EXHIBIT 99.1
Danskin, Inc.
000 Xxxx 00xx Xxxxxx
Xxx Xxxx, Xxx Xxxx 00000
October 4, 1996
SunAmerica Life Insurance Company
0 XxxXxxxxxx Xxxxxx
Xxx Xxxxxxx, Xxxxxxxxxx 00000
This letter contains our agreement with respect to the Board of
Directors of Danskin, Inc. ("Danskin").
1. At the meeting of the Board of Directors of Danskin
immediately following the 1996 annual meeting of stockholders of Danskin,
currently scheduled for October 16, 1996, Danskin will increase the number of
directors constituting the entire Board of Directors of Danskin from eight to
ten, with the vacancies created thereby being in Class I and Class III.

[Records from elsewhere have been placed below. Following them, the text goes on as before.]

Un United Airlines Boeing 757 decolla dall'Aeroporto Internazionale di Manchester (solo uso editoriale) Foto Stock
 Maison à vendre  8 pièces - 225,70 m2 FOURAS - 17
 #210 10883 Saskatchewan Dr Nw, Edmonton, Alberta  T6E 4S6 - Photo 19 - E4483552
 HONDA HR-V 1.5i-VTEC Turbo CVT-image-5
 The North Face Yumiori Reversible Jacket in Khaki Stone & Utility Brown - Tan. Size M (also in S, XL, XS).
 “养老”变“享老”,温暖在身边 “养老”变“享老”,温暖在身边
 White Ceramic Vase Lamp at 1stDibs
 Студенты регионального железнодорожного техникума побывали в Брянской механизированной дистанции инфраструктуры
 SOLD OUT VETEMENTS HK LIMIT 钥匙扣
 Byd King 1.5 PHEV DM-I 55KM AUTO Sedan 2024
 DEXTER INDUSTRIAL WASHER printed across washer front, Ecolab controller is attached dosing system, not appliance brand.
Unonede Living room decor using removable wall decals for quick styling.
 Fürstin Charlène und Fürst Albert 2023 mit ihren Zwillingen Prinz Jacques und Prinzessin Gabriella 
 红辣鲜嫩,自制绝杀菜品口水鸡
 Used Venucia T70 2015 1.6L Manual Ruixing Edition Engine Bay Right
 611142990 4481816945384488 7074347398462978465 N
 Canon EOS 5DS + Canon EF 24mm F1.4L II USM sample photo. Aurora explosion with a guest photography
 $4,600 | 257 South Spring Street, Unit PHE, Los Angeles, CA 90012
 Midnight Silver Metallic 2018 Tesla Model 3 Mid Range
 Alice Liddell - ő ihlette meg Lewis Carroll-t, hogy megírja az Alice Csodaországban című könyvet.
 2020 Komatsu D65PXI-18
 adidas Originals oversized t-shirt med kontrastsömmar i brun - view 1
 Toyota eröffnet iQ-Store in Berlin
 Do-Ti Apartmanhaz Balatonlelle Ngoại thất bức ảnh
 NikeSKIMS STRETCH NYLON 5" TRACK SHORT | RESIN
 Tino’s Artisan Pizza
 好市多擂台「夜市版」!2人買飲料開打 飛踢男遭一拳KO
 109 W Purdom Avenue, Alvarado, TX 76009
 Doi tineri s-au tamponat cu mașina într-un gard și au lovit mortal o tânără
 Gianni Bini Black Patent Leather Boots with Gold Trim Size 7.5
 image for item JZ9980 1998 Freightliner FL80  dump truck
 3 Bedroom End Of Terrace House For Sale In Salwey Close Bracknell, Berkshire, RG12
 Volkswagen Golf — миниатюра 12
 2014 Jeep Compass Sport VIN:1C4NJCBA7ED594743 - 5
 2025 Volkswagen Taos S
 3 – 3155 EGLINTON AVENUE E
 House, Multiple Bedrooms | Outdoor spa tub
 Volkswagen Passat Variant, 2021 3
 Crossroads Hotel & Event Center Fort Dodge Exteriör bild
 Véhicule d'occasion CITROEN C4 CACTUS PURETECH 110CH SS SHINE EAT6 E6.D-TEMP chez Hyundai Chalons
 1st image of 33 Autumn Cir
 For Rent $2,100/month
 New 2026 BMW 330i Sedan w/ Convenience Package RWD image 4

SunAmerica Life Insurance Company ("SunAmerica") will have the right to
designate two persons (the "SunAmerica Designees") to fill the vacancies created
thereby subject to the approval (which shall not be unreasonably withheld) as to
such person's qualification to serve on the board of directors of a public
company engaged in the apparel business by a majority of the directors then in
office who are not officers or employees of Danskin. Xxxxxxx agrees, and
acknowledges that its Board of Directors has agreed, to elect the SunAmerica
Designees as directors of Danskin to fill the newly created vacancies. The names
and certain information concerning the SunAmerica Designees are set forth on
Schedule A hereto. If any SunAmerica Designee declines to serve, is removed,
resigns, or for any other reason no longer serves as a director of Danskin, the
vacancy created thereby will be filled in accordance with Danskin's Amended and
Restated Certificate of Incorporation and By-Laws by another person designated
by SunAmerica subject to the approval (which shall not be unreasonably withheld)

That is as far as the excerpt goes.